Remove from the heat.

With the mixer on low speed, slowly pour the sugar syrup into the dissolved gelatin.marshmallow4

Be very careful as you do this step. That syrup is very hot!

After all the syrup has been added, put the mixer on high speed and whip until the mixture is very thick. This process will take approximately about 15 minutes.


And it will grow…


And grow.


Add the vanilla and mix again once more thoroughly to fully incorporate.


Look at that! I love how glossy and thick they become. (and I love that little precious pottery bulldog peeking around the mixer… can you spot him?!?) 

With a sieve, generously dust an 9 x 13 inch non-metal baking dish with confectioners’ sugar. Pour the marshmallow mixture into the pan, smooth the top with damp fingertips, and dust with more confectioners’ sugar.

They don’t have to be perfect, just get it into a single layer.


Allow to stand uncovered overnight until it dries out.  At least 8 hours or so.

When ready to cut, use a flexible, serrated knife, to loosen the edges around the pan, and cut them into squares.


It helps if the knife has been run under hot water and dried in between cuts to keep the edges clean and the squares more uniform in size.

Just take your time! Remember: It’s a process.



Dust them with more confectioners’ sugar on all sides and keep in an air-tight container with layers of parchment paper in between the layers so they don’t stick together.


Will keep up to 2 weeks time.

**A few Notes:

  • I later learned that the trick to getting the marshmallows out of the pan is to line the pan with parchment paper, so that the sides overlap and you have wings, or tabs to pull up on. Then, sprinkle the bottom of the pan completely with powdered sugar, as we have done, and lightly grease the side of the pan with a non-stick cooking spray. They should lift out easily, and then you can turn out onto a powdered sugar covered board and cut into desired shapes.
  • Tips on cutting: The real secret to clean lines when cutting is the more powdered sugar, the better! Don’t shy away or skimp on the sprinkling. It is the same concept as flouring your cookie cutters when making cut-out cookies. Sugar your knife in between making cuts, and occasionally, rinse clean in warm water so that the knife glides along the marshmallows and prevents it from tearing.
  • Wanting to cut out into shapes?
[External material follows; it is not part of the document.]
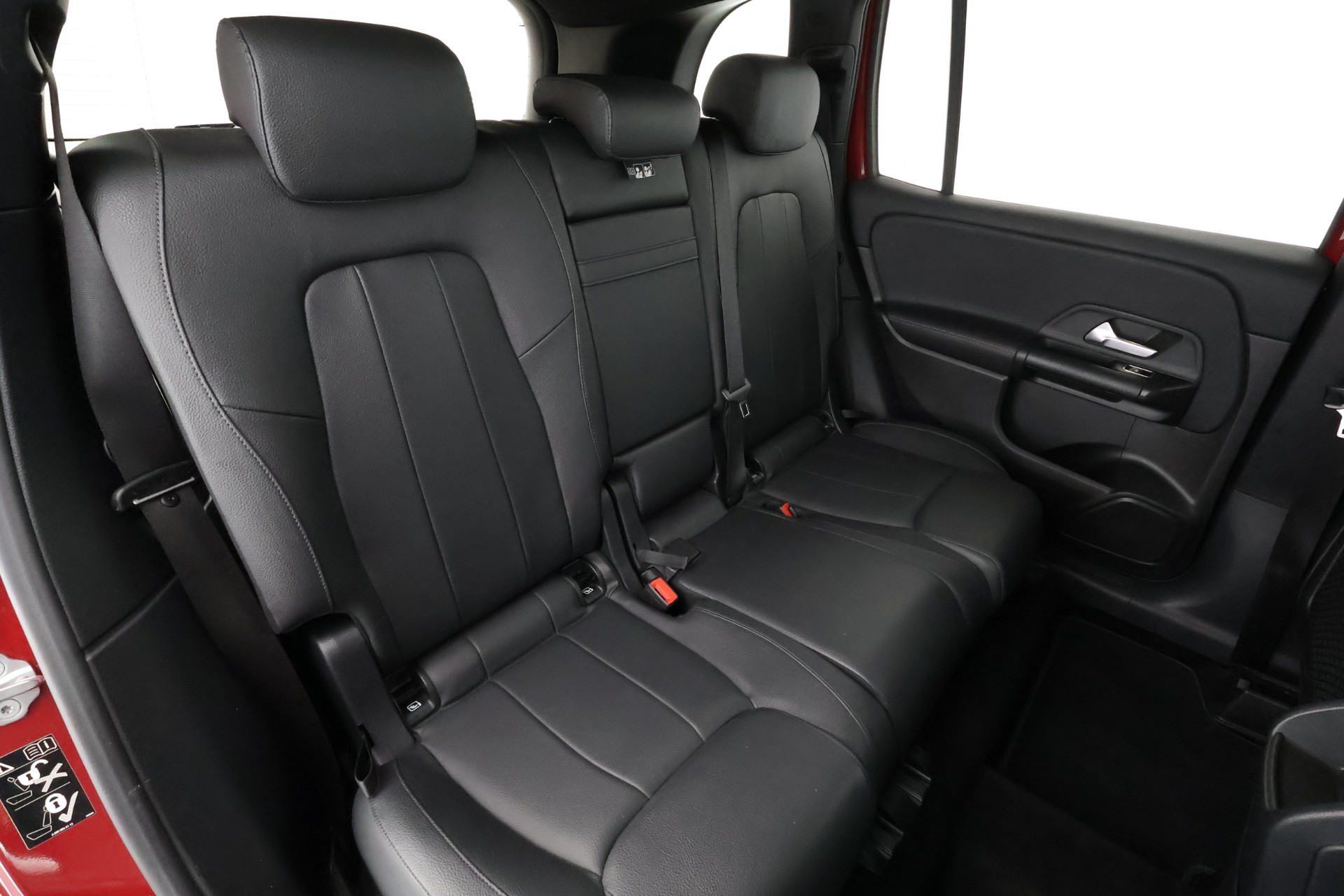 MERCEDES-BENZ GLB 2020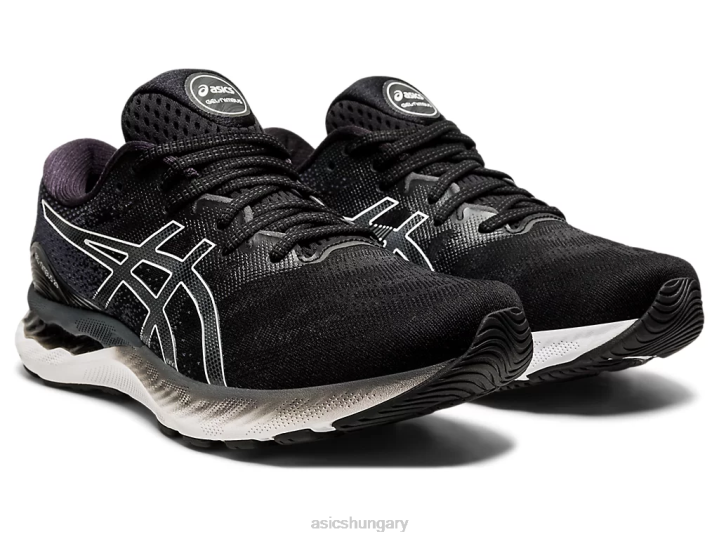 asics fekete-fehér magyarország N2T22019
Lightly grease and then coat your cutters in powdered sugar and then press firmly and lift the shapes out. Continue to dust the cutters in between each cut to prevent sticking. Use shapes like hearts, stars, squares and circles for best results as the shapes are more simple and not quite as intricate.
  • A great variation on this original recipe would be Toasted Coconut Marshmallows. You can see full recipe here. Those would make beautiful homemade gifts wrapped up in a clear, glassine bag with a nice bow.

My favorite way to enjoy them?

marshmallow in mug

Floating in a mug of hot chocolate with a good book in hand curled up in my favorite arm chair on a slow Sunday evening. Truly, the best things in life are so simple and often free. Such a simple pleasure.